Wednesday, February 17, 2010

The worst typo ever?

The Red Room asked readers about the worst typo they've ever seen. In the early '70s I wrote for a local weekly newspaper. On one fateful deadline night, a reporter (not yours truly) wrote his account of a planning board meeting, and the editor rushed it through to print without giving it much of a look. But the reporter had embedded a parenthetical note to the editor, not meant for publication, mentioning a member of the public who'd attended the meeting. The gist was that the gentleman, who was named, was a loudmouth, a fool, and the town drunk. Naturally, the article was published with the private note intact, and it caused quite a commotion. The way I heard about it later, the newspaper's owner privately apologized to the man, who in turn acknowledged the basic truth of the article as printed.


8 comments:

Brooke from The Bluestocking Guide said...

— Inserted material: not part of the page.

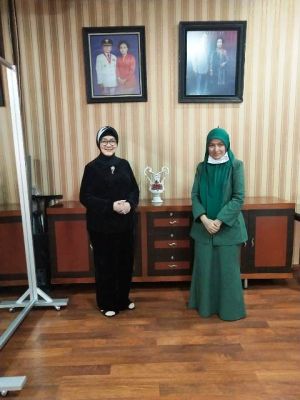 Ratu Munawarah Sowan ke Juniwati Maschun Sofwan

Wow, that's embarrassing. I'm sure it wasn't funny then, but it sure is funny now.

sarah corbett morgan said...

WOW. Pretty amazing story, Bob.

Jane Kennedy Sutton said...

I like how the man acknowledged the truth of the article...and he didn't even sue the paper:)

Anonymous said...

I just had a tupo in my blog the other day. I typed "ass" instead of "add" and didn't catch it until the next day.

Stephen Tremp

Helen Ginger said...

I love the last line - that the guy admitted it was the truth.

Helen
Straight From Hel

Ruth L.~ said...

Interesting... in my "wisdom," I've refrained from writing parenthetical comments to the editor in newspaper articles because I could only imagine it being overlooked in the rush of deadline... however, my potential comments would have been more benign. Still...

Christina Rodriguez said...

One would think no one would need an annotation to let them know of the town drunk. Usually they make themselves pretty well-known!

Once I was creating and illustrating a wordsearch activity for a children's book client, and used a free wordsearch generator for the writing part. Good thing I double-checked my work, because a painfully visible word was accidentally created: PEE. I'm sure the kids would've gotten a kick out of it, but we had to keep their teacher's patience in mind!

Arlee Bird said...

It shows that the man in question had character and his acknowledgement may have worked to his advantage in the long run.